Estanislao Figueras un músico de corazón
En mayo de 1873 firmó Estanislao Figueras, primer presidente de la fugaz República, un decreto en el que cambiaba la denominación de la Academia de San Fernando -Bellas en lugar de Nobles Artes- y se creaba su Sección de Música. Los doce nuevos académicos habían sido nombrados a dedo, puesto que no había lugar para la elección.
El sabio índice que señalaba fue el de Castelar, filarmónico apasionado y ministro de Estado a la sazón. El orador acertó sin duda en once nombres, que realmente ocupaban la cima de la música española en Madrid, y añadió el de Antonio María Segovia, un señor cuya figura puede ser olvidada sin que gima la musa de la Historia. A veces, en las Academias, se encuentra uno a estos señores de marrón. Desde su fundación, la Sección de Música se ha distinguido por muchas excelentísimas presencias y por algunas lamentables ausencias, no menos ilustres. Pero no es cosa de emular a Subirá, historiando la Sección, sino de celebrar el ingreso en ella de Carmelo Alonso Bernaola, músico de inteligencia y corazón.
Por no hablar sino de los compositores, ya están en la Academia Antón García Abril, Cristobal Halffter y Luis de Pablo. Es decir, músicos que aún conservan el impulso de la vanguardia -palabra que sigue valiendo, pese a su presunto descrédito- y cuyas obras continúan en el frente de batalla estético. La retaguardia no es para estos hombres, que morirán con las botas puestas, dentro de muchos años, naturalmente. A ellos se une ahora Bernaola, otro de los grandes, otros de los que buscan y encuentran.

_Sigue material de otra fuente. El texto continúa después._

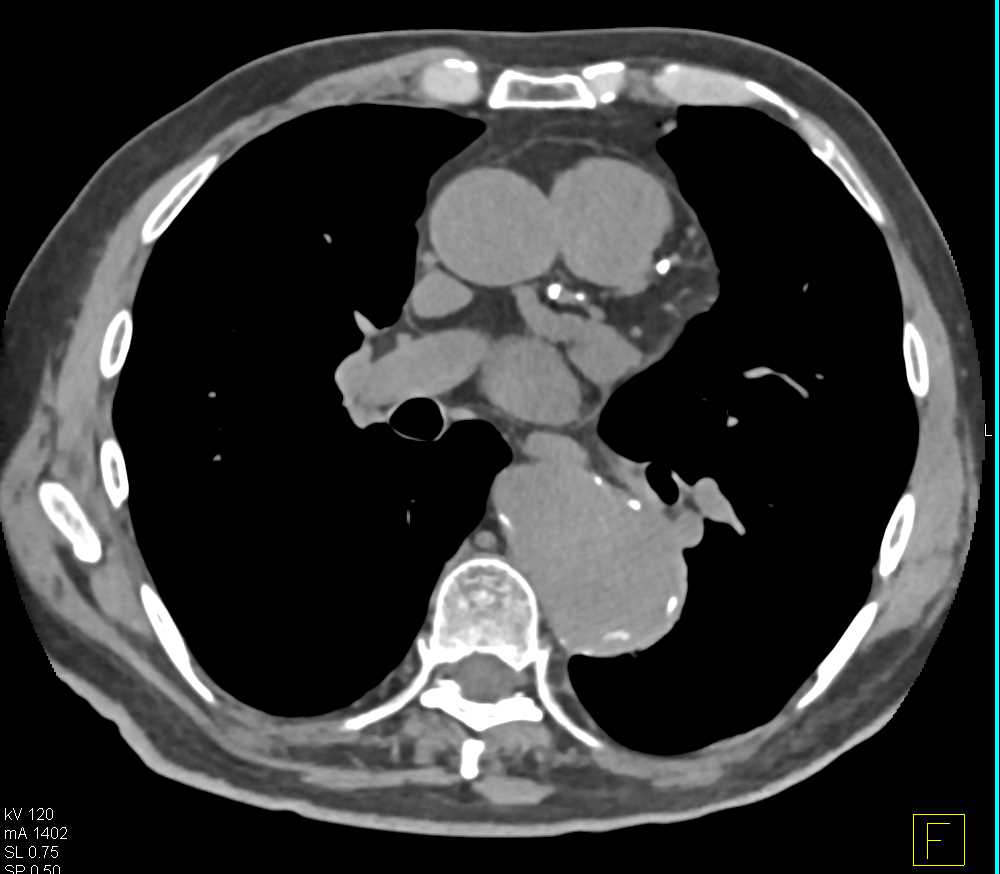 Patent Superior Mesenteric Artery (SMA) and Celiac Stents - CTisus CT Scan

Hace poco, el Festival de Otoño de Madrid rindió un homenaje a Bernaola en su sesenta cumpleaños. Ensanchan el espíritu esos actos en honor de los artistas que los pueden disfrutar. Lo ensanchan también las elecciones académicas a tiempo, porque las Academias son lugares de trabajo, y no del contemplación del pasado. La medalla no es una condecoración, sino la insignia para quien, junto a sus compañeros, quiere y debe influir en la vida cultural del país. Todos los que escribimos sobre Bernaola, hemos contribuido quizá a una forma tópica de referirse a él, con fundamento en su exuberante personalidad. No perjudica demasiado el tópico, ya que se funda en la realidad, como todos los buenos lugares comunes, tan convenientes para el orden de las ideas. El mal tópico sí puede resultar perjudicial. Por ejemplo, el que se refiere a las púas o las aristas de la música contemporánea. Pese a algunos escándalos ya olvidados, Bernaola ha ido siempre hacia un fin: el de la belleza sonora.

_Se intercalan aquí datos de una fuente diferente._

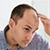 Male Pattern Baldness Causes icon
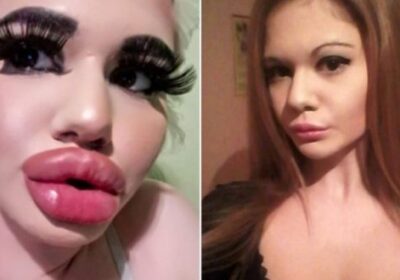 Бг Барби се оплака: Лекарят ми отказа да ми помпа още устните! (Но тя намери по-алчна докторка)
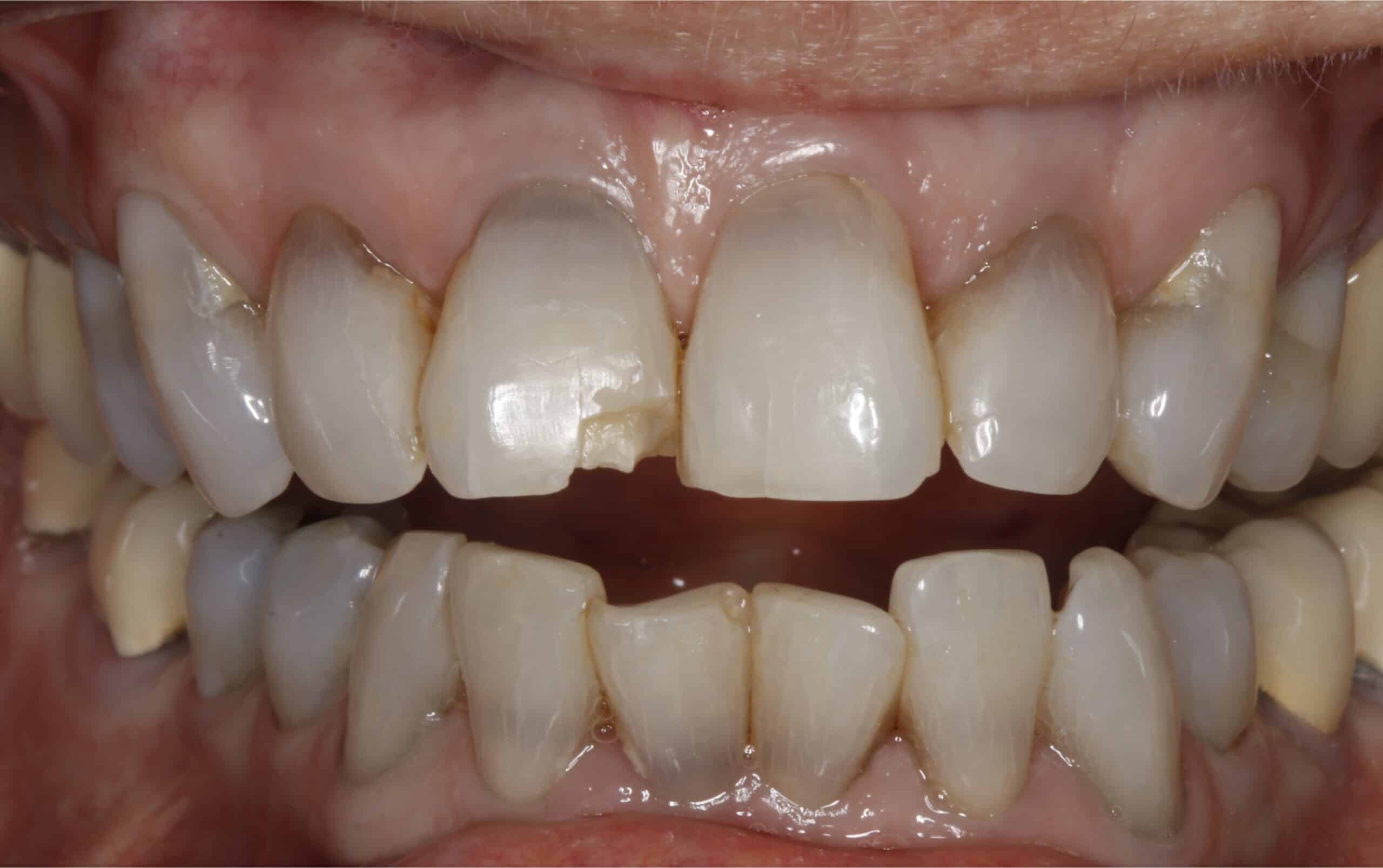 eddleman dental tooth chip before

Dueño de una formidable técnica de escuela, adquirida firmemente en su juventud, dominador de los grandes secretos de su oficio pero también de los pequeños, como artista práctico y cotidiano, libre en su invención de formas musicales y de maneras personales, creador de un impulso universal que parte de sus mundos, voluntariamente «limitados» pero nunca pequeños, el músico de Ochandiano, euskaldún recriado en Burgos, nos ofrece el tesoro de un trabajo hermoso, ancho y sin fronteras. Que la Academia le sea benigna, como se lo fue a sus maestros, directos o indirectos.